Une nouvelle relation avec les Premières Nations, sur le sentier de la réconciliation, c’est « grâce » à la pandémie.

« On est en train de transformer les relations avec les peuples autochtones. Et d’ailleurs, d’avoir été là pour les protéger tellement pendant une pandémie qui aurait été mille fois plus dévastatrice pour les peuples autochtones, nous a permis d’avancer », croit-il.

Et il se réfugie autant qu’il peut dans un message déjà scénarisé.

Moi, ce n’est pas parce que je trouvais que ça allait être facile que je voulais devenir premier ministre. Moi, je suis devenu premier ministre parce que je savais que j’avais la capacité d’aider les gens à améliorer leur pays.

Justin Trudeau, premier ministre du Canada

La journaliste lui offre une métaphore. Ce pays, c’est comme une maison où il a voulu emménager pour y ajouter puits de lumière et solarium, et voilà qu’il y est coincé depuis des mois à écoper les eaux sales d’un refoulement d’égouts — la pandémie — sur lequel il n’a aucun contrôle.

« Est-ce que je suis content d’être premier ministre maintenant et pas il y a 10 ans et pas dans 10 ans ? On ne sait pas qu’est ce qu’il y aura dans 10 ans… », réfléchit tout haut le premier ministre.

« Oui, je suis content d’être premier ministre maintenant », se répond-il.
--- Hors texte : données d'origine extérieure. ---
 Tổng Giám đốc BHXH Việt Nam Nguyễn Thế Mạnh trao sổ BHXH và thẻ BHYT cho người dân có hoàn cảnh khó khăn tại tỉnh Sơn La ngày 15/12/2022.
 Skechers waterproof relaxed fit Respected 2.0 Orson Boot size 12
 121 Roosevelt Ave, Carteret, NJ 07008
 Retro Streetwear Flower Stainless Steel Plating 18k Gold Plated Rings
« On arrive à avoir un impact, pas juste maintenant, pour vider les égouts, mais pour reconstruire en mieux. Puis quand on arrivera à mettre le solarium dans la maison, on va le faire sur une base, dans une maison propre, dans une maison plus solide qu’elle ne l’était avant », affirme-t-il.

Et réalisant qu’il a plongé un peu trop loin dans la métaphore et qu’il est en train de parler d’égouts, il finit l’entrevue dans un rire à gorge déployée.